Note that this is the same query that Postgres Enterprise Manager’s (PEM) XDB Replication Probe uses. If you’re already using PEM, you can just enable the XDB Replication Probe, and you’ll be able to monitor the lag from the PEM client.

Time Replication Lag

For most people, they’re not interested in the number of bytes or rows a replication cluster is lagging behind. Instead, they’re more interested in how long it takes for ALL the unreplicated data to get to the other side. For this, there’s no real way to get a measurement without having a third-party monitoring to see if a change in one server has appeared in another server. Moreover, in an MMR situation, there are complexities in defining replication lag in terms of wallclock time, since all nodes are Master Databases.

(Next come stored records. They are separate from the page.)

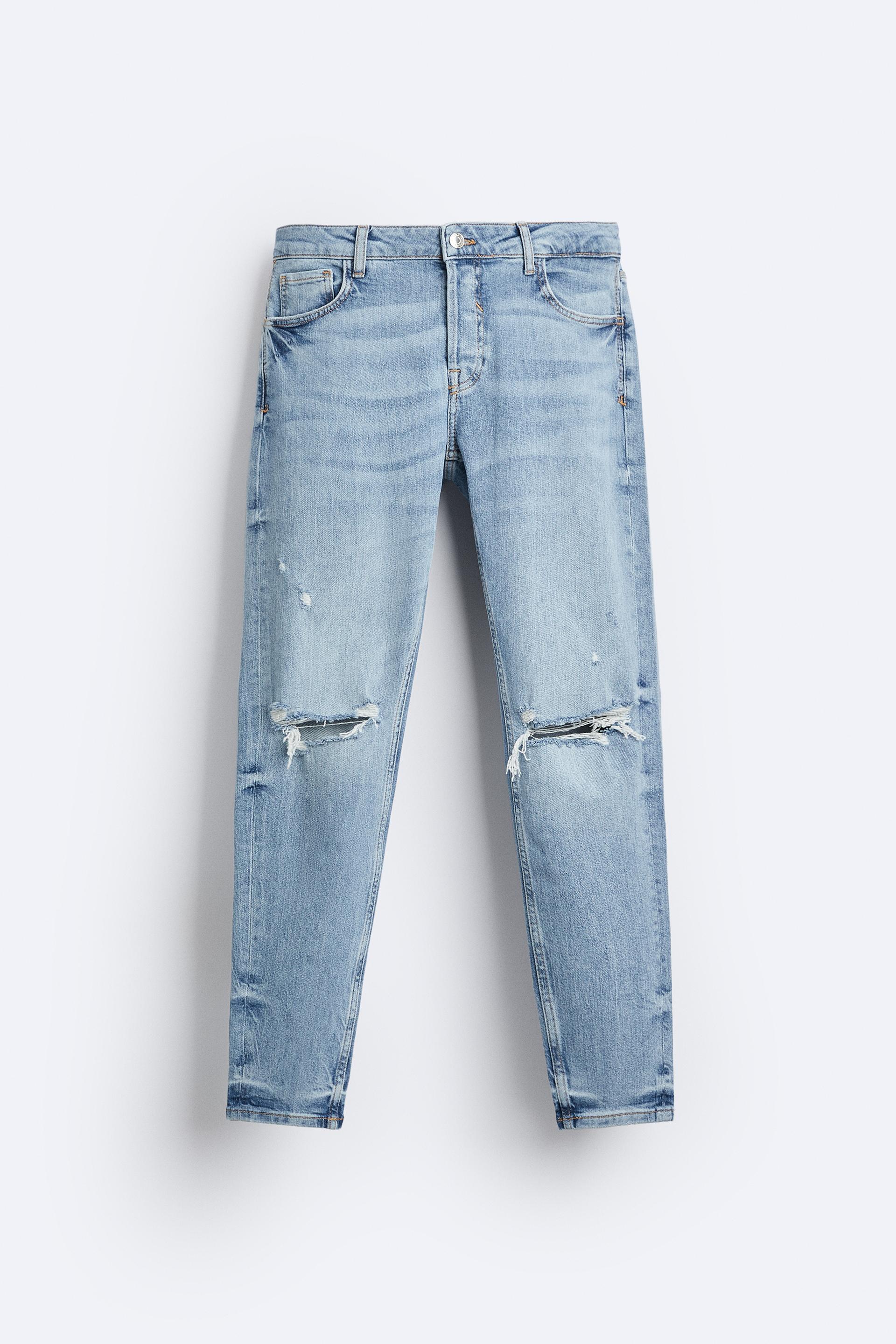 Zara ripped stain dye jeans Clearance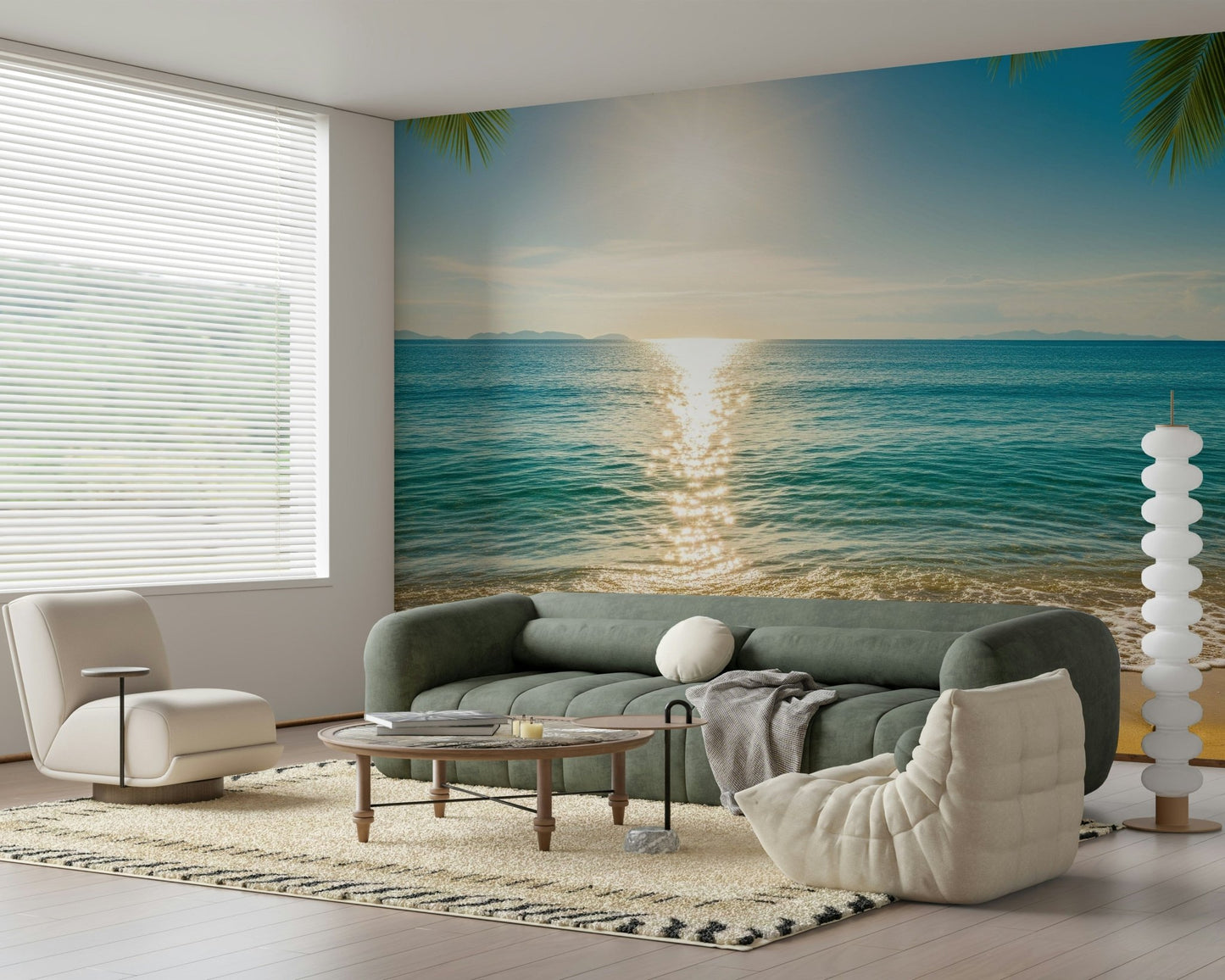 Sunny Coastal Calm Wall Mural tranquil sea breeze for a balcony wall wallpaper mural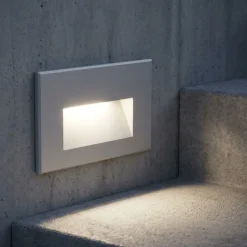 Segnapasso rettangolare per esterno da incasso a parete grigio led 3w 3000k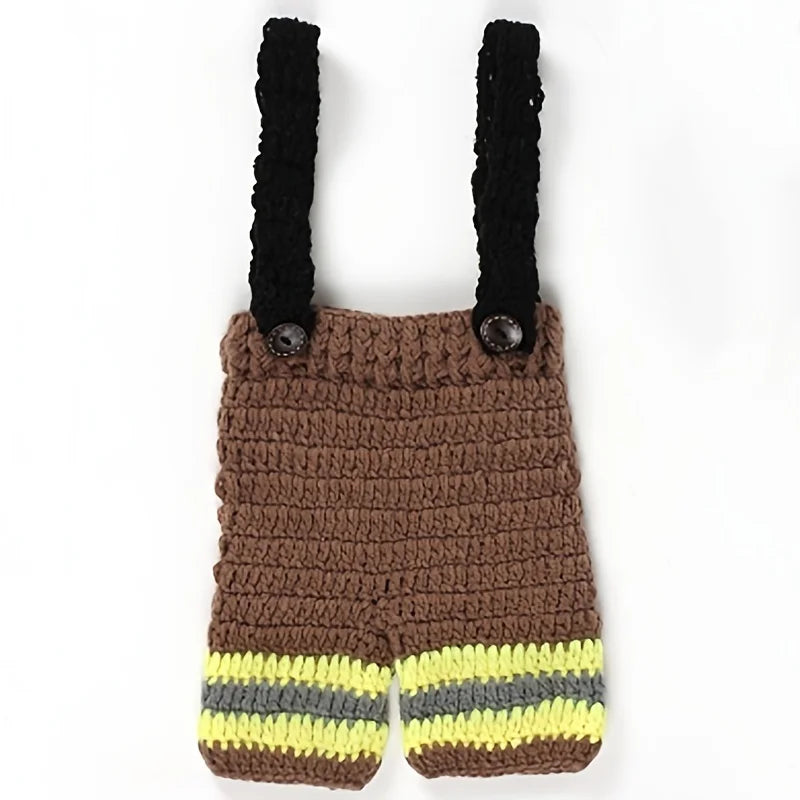 Newborn Crochet Firefighters Photography Props Knitted Infant Baby Cosplay Fireman Costume 0-3 Months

One way to measure time lag in an EDB Replication Server cluster involves a few tricks, and the setup looks like this:

  • A table dedicated to testing replication performance (we’ll call it xdb_lag_test)
  • A table tabulating the time lag history (we’ll call it xdb_lag_history)
  • A function returning a trigger (named update_xdb_lag_history)
  • A trigger on the xdb_lag_test table

First, we create the xdb_lag_test table:

CREATE TABLE xdb_lag_test(
 source_host character varying(50) PRIMARY KEY,
 insert_time timestamp without time zone

Then, we add it to the publication (in this case, I’m creating a new publication, since it’s a new cluster in my environment):

java -jar ${XDB_HOME}/bin/edb-repcli.jar -createpub xdbtest -repsvrfile ${XDB_HOME}/etc/xdb_repsvrfile.conf -pubdbid 1 -reptype T -tables public.xdb_lag_test -repgrouptype M -standbyconflictresolution 1:E

After we verify that replication is working in both directions, create the xdb_lag_history table, trigger and function on the MDN:

CREATE TABLE xdb_lag_history
 source_host character varying(50) PRIMARY KEY,
 source_commit timestamp without time zone,
 target_commit timestamp without time zone,
 time_lag text

CREATE OR REPLACE FUNCTION update_xdb_lag_history() RETURNS trigger 
AS $$
 INSERT INTO xdb_lag_history VALUES (NEW.source_host, NEW.insert_time, now(), age(now(), NEW.stamp)::text); 

CREATE TRIGGER target_commit_trigger
 AFTER INSERT ON xdb_lag_test
 EXECUTE PROCEDURE update_xdb_lag_history();

ALTER TABLE xdb_lag_test ENABLE ALWAYS TRIGGER target_commit_trigger;

It is very important to note the ALTER TABLE statement that sets ENABLE ALWAYS TRIGGER – this prevents the DML coming from the non-MDN from being ignored by the trigger. Without this trigger enabled, you’ll never get any data inserted into xdb_lag_history.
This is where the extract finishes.